These really should go without saying.

The Government seem to be arguing that because insolvency practitioners are professionals, they will do this anyway. I confess that I have a healthy scepticism about the insolvency industry, which has a substantial ambulance-chasing component to it. Conflicts are common- place, and we have been given some good examples by the noble Lord, Lord Hodgson, and the noble Lord, Lord Leigh of Hurley. Making independence a legal requirement in the Bill would seem to be an extremely good thing, and it is hard to see any downside to that.
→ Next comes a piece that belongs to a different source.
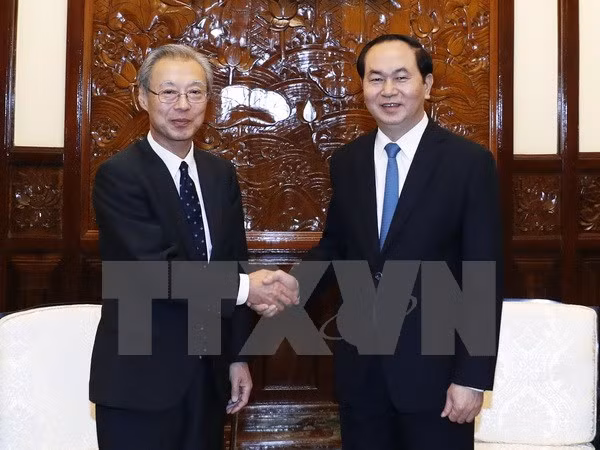 Le président Tran Dai Quang reçoit le président et rédacteur en chef de Kyodo ảnh 1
Secondly, I add my support to Amendment 4, proposed by my noble and learned friend Lord Hope of Craighead. This would simply add a list of creditors to the list of relevant documents that must be provided to the court when applying for a moratorium. This would be a simple and practical way of assisting the monitor to do his job, and in particular, to notify the creditors without delay. It is hard to see any downside to this and really it should be accepted.

Finally, I support Amendment 21, in the name of the noble Lord, Lord Hodgson, and Amendments 25 and 40, in the name of the noble Baroness, Lady Bowles of Berkhamsted. The amendments seek to prevent banks gaming the process by changing the terms of payments and costs during the term of the moratorium. It must make sense to ensure that banks, which will have all the negotiating strength in these situations, are not able to give themselves preferential terms, and so I urge the Minister to consider this matter seriously.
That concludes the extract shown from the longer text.